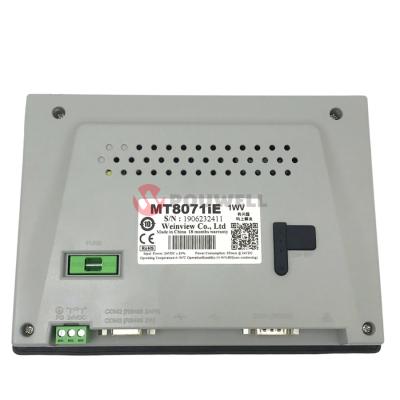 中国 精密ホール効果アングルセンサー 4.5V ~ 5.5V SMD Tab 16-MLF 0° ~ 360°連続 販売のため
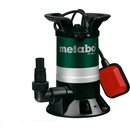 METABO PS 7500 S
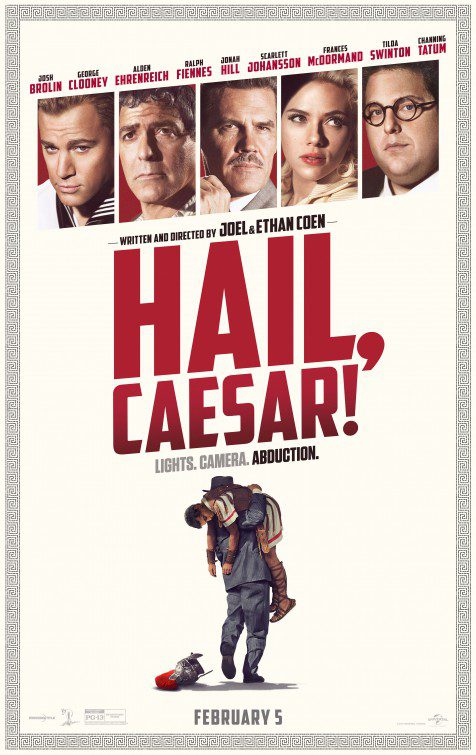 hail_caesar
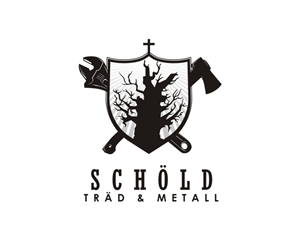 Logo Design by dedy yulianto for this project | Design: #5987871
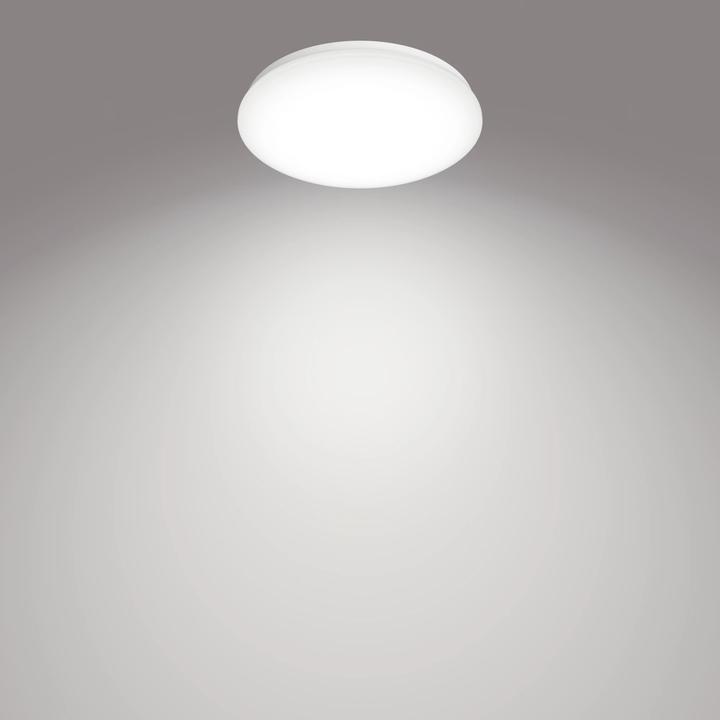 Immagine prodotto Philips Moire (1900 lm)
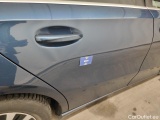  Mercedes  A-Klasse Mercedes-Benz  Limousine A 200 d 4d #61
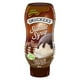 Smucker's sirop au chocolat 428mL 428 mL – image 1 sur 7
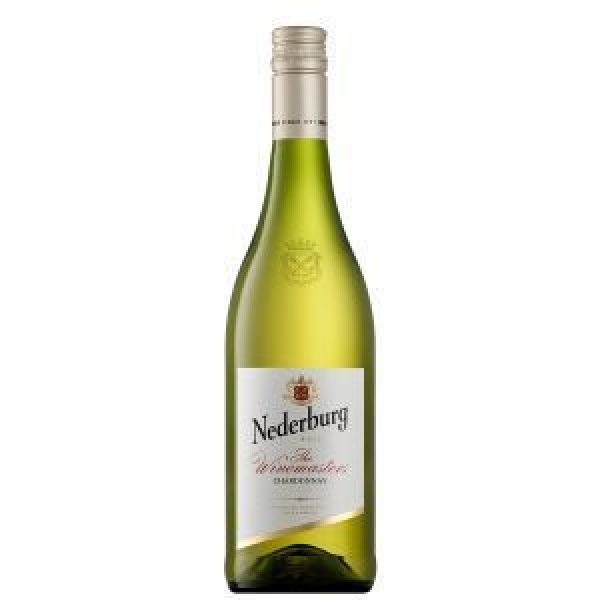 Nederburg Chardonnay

---

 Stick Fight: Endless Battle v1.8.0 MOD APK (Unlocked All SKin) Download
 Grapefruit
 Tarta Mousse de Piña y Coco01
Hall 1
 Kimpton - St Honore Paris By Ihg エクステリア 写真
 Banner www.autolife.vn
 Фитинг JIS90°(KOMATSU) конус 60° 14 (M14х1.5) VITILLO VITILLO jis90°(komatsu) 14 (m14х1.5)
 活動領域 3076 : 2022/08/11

WHAT THE EXERCISE ASKS: Of all the material above, only the lines from the one that has "中国 精密ホール効果アングルセンサー 4.5V" down to the one that has "Nederburg Chardonnay" are to be written out, exactly and with both ends included. Pictures are skipped.

EXERCISE RESULT:
 中国 精密ホール効果アングルセンサー 4.5V ~ 5.5V SMD Tab 16-MLF 0° ~ 360°連続 販売のため
 METABO PS 7500 S
 hail_caesar
 Logo Design by dedy yulianto for this project | Design: #5987871
 Immagine prodotto Philips Moire (1900 lm)
  Mercedes  A-Klasse Mercedes-Benz  Limousine A 200 d 4d #61
 Smucker's sirop au chocolat 428mL 428 mL – image 1 sur 7
 Nederburg Chardonnay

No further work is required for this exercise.